Check to make sure that fuel is actually getting to the carb.
I don't know of a really safe way to do this, but remove the fuel line from
the carb and direct it into a container. For myself, I would add an
extension to the line so as to make it long enough to get it out of the
engine bay entirely. If fuel is making it to the end of the line, then you
know that the carb has gas available.
If not, you have a few things to check.....
If fuel is getting to the carb, it pretty much has to be either a stuck
float or a blocked jet.
Did it run properly BEFORE you changed the fuel filter and fuel pump? If so,
then you need to go back and check your work and ensure you put your hoses
on right and hooked everything up properly. If it didn't run right before
replacing this stuff, then you probably replaced your fuel filter and fuel
pump needlessly, because you didn't find the problem.
Fuel pumps can be tested with a pressure gauge. If its pumping, its probably
good. If its spraying fuel out the vent, its no good. If you can blow
through your filter, its probably getting enough flow through it.
Sometimes the screen in the pickup tube in the tank gets completely clogged.
You can test this by having someone watch the fuel hose at the pump (take it
off) and then wrap a hose with a rag and blow into the tank fill tube.
Gasoline should come out the fuel pump supply hose.

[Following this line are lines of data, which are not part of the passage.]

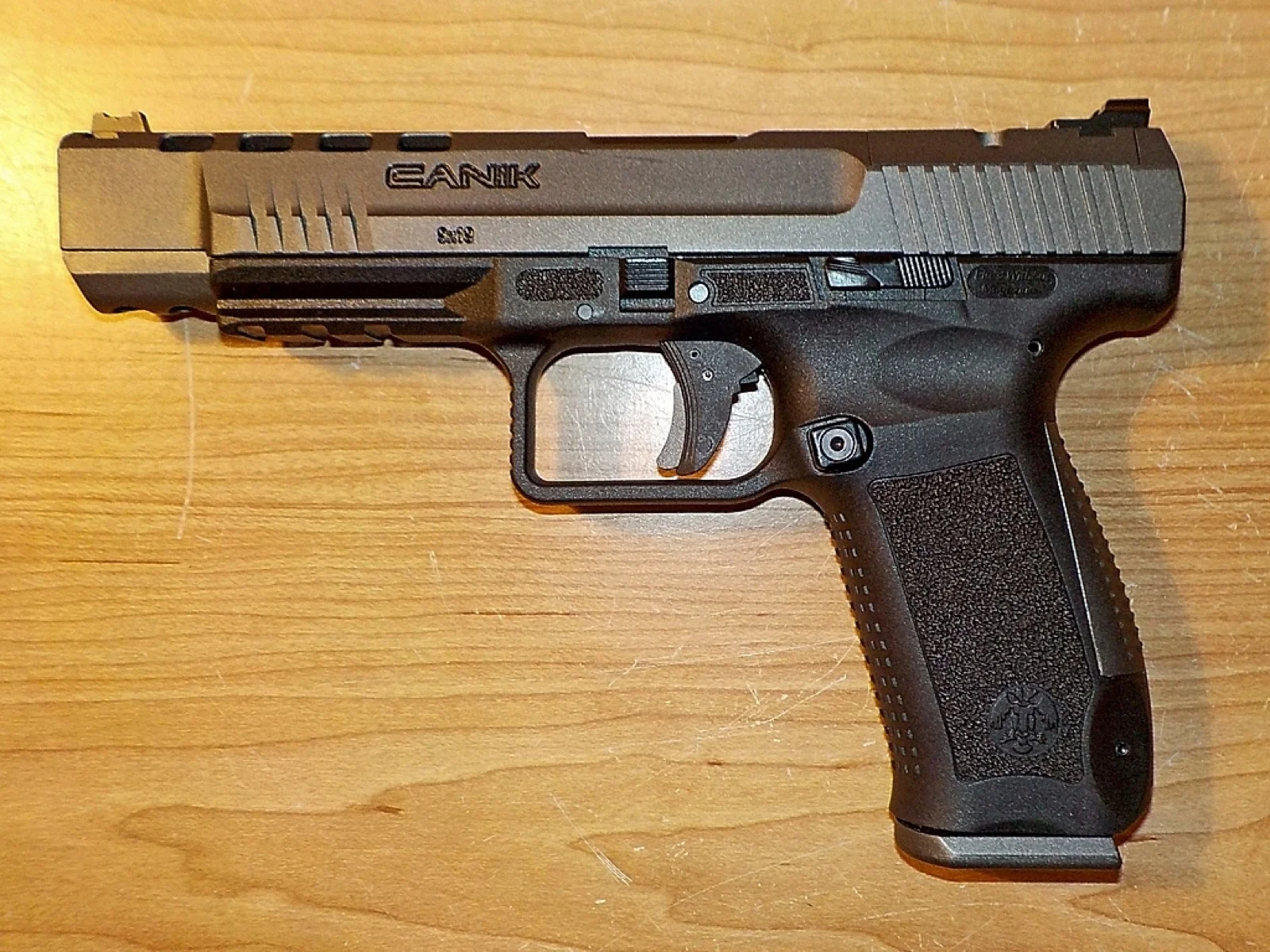Dünyanın En İyi 10 Tabancası: Canik Zirvede — Glock, SIG Sauer, Beretta Karşılaştırması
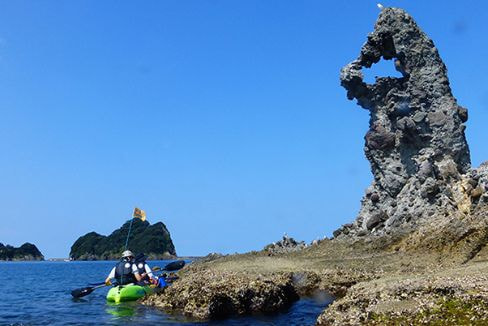 海底火山のマグマがゆっくり冷えて固まってできた柱状節理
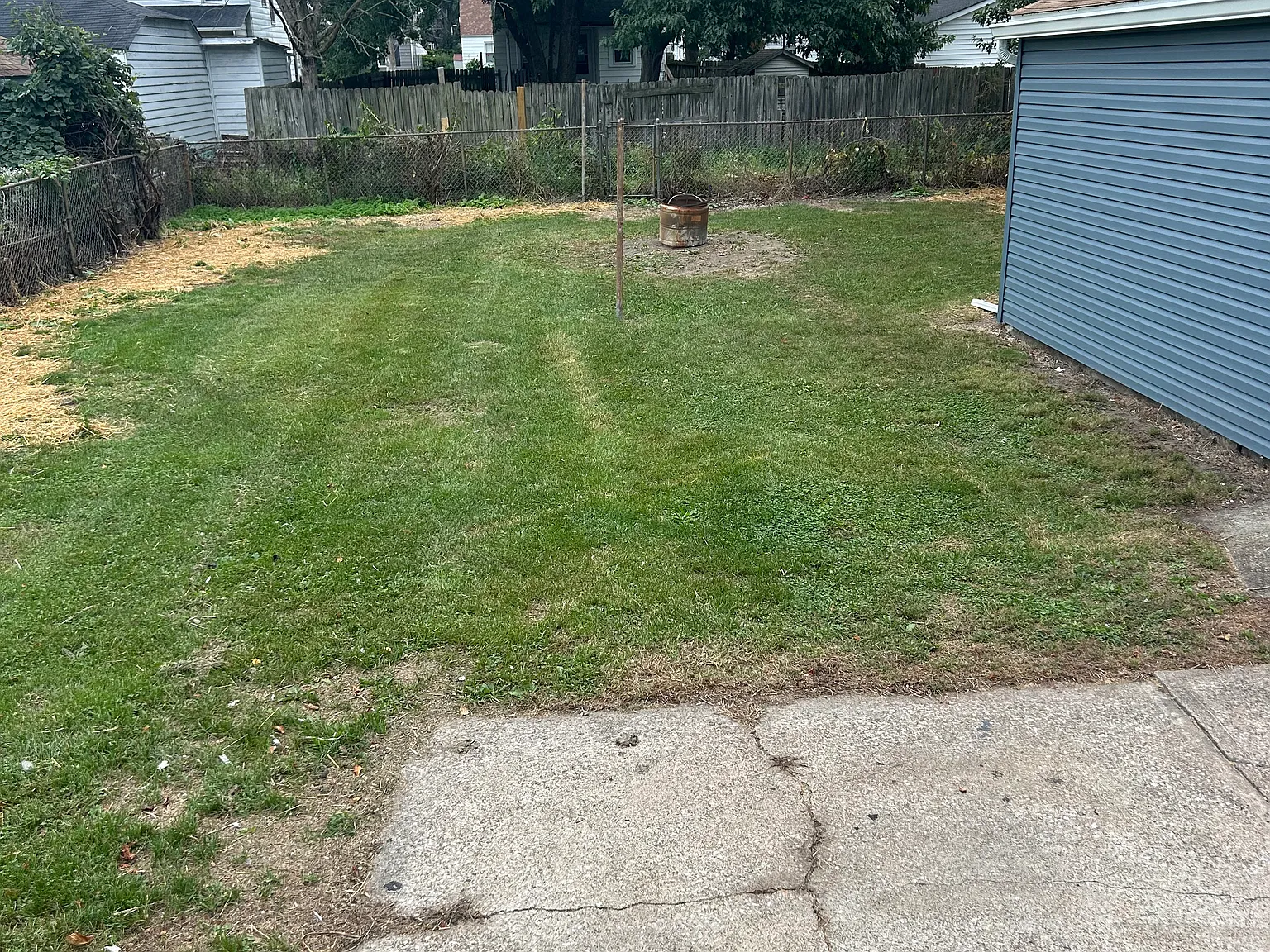 2 bed, 842 sqft, $1,100 — Photo 3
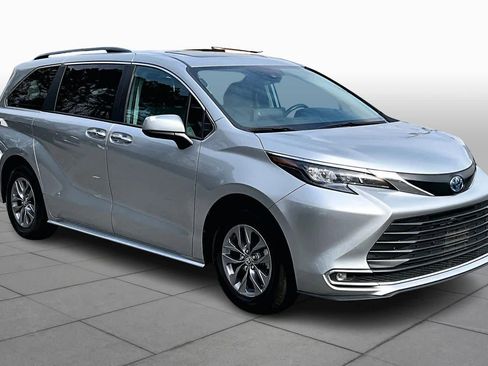 Certified 2024 Toyota Sienna XLE image 3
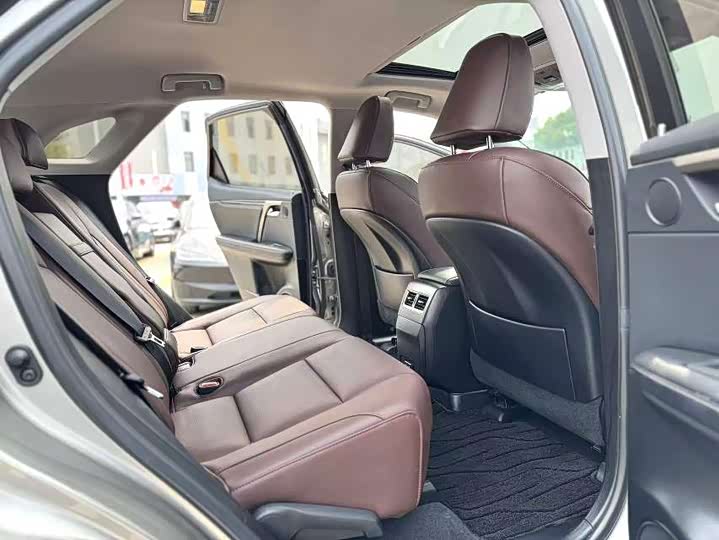 Фото 7 - Lexus RX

If it doesn't, you're
probably gonna have to pull the tank pickup tube assy and replace or clean
86 Trooper Carbs (IIRC) are a pain in the butt. I overhauled mine once. I
think you can get the fuel bowl off pretty easily to check the float and
needle/seat, but you need a carb kit to replace the gaskets. Somehow you're
not getting fuel, and I doubt its the carb - its probably in the delivery
system, but these things don't usually quit overnight. Its probably
something that was building up for a while that finally took its toll.
Hope this helps. Be glad you have a simple system. It makes it much easier.